Saturday, however, is a lonely day. Death has won. Hope is lost. Jesus of Nazareth in a tomb. His disciples are afraid, hiding, and deeply depressed. Everything they had invested in for the past three years seems pointless now. They forsook their Master; they lost faith in that moment. They are leaderless, hopeless, and aimless.
On Holy Saturday we sit by the grave to feel the gloom of the grave, to face the reality of death itself. It is a day to weep, fast, and mourn. The late second century church (e.g. Irenaeus) fasted from all food on this day because it was a day of mourning. They did not break the fast until Easter morning.
Those of us who have spent time at graves - in my case the graves of parents, numerous dear friends and relatives – understand this grief, the despair of the grave. I have spent much of my life running away from graves, and I have rarely spent much time thinking about Holy Saturday.

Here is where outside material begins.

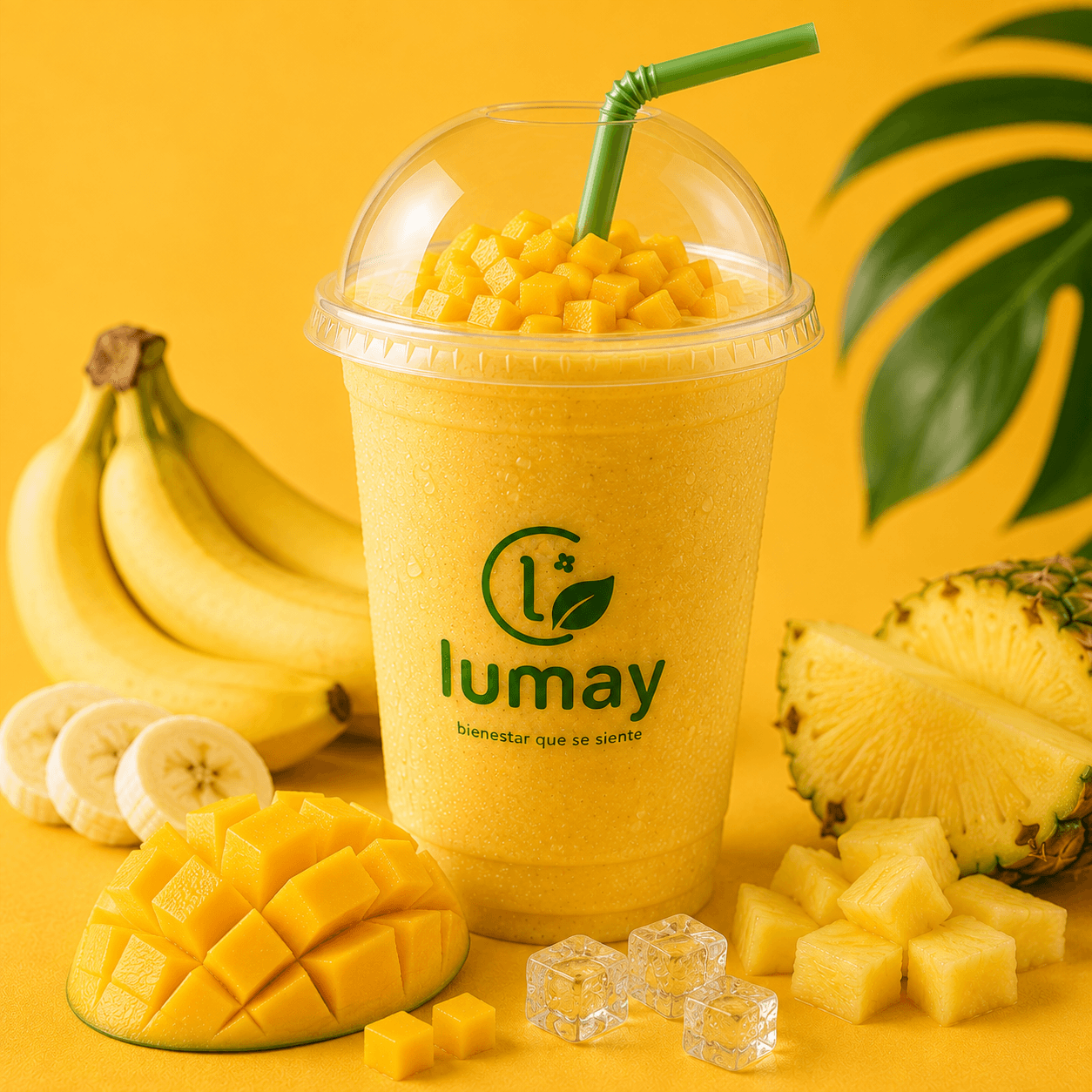 Tropical fresh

It is much easier to skip from Friday to Easter than to dwell on Holy Saturday. As what happened in my life, we skip grief as much as possible. It is easier to run from grief. We prefer to escape it rather than face it or endure it.

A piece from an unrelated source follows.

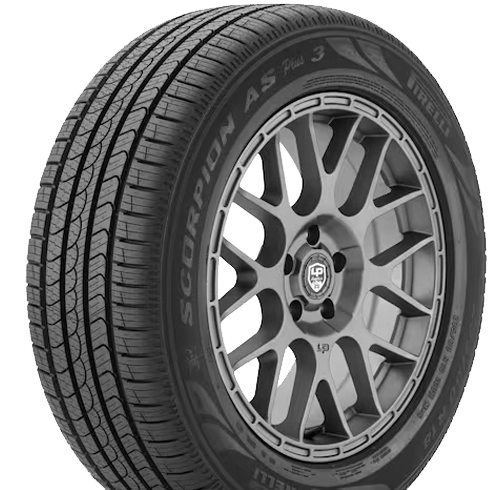 PIRELLI SCORPION ZERO AS PLUS tire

Holy Saturday reminds me to grieve, to lament. It reminds me to rail against death, the enemy of both God and humanity. It reminds me to protest death and renew my hatred for it. It reminds me to feel again and sit with the disciples in their despair.
Indeed, to sit with the disciples is to sit with humanity in the face of death. When we sit at the grave we recognize our powerlessness. We cannot reverse death; we cannot defeat this enemy. Holy Saturday creates a yearning for Easter. We need Easter for without if we are dead.

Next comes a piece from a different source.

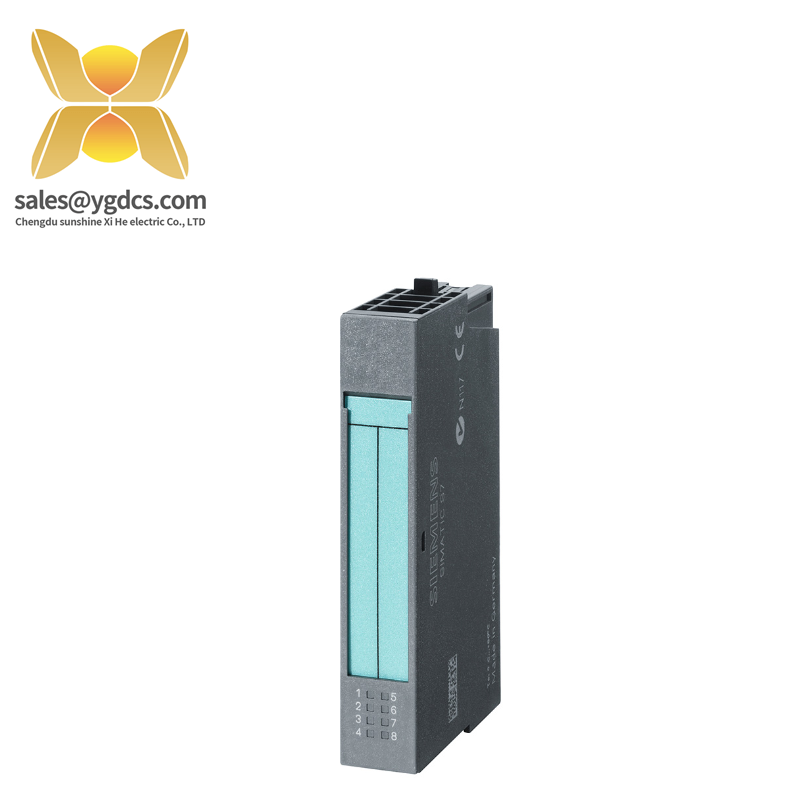 SIEMENS 6ES7131-4BF50-0AA0 ET 200S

But Easter is a faint victory if we do not fully recognize the horror of death. Death threatens us with non-being and it dismantles life so that there is no meaning, purpose, or joy that lasts. Easter is God’s gift; it is God’s “Yes” to Death’s “No.”
Yesterday we remembered the death of Jesus on Good Friday, today we sit at the grave, but tomorrow, Sunday, we are renewed by the hope of the resurrection.
Jesus walked that path, and we follow him. We, too, will have our Friday; one day we will be entombed and loved ones will mourn at our graves. However – by the grace and mercy of God – on that great day we will rise again to walk with Jesus upon the new heaven and new earth.
That is the meaning of Good Friday, Holy Saturday and Easter.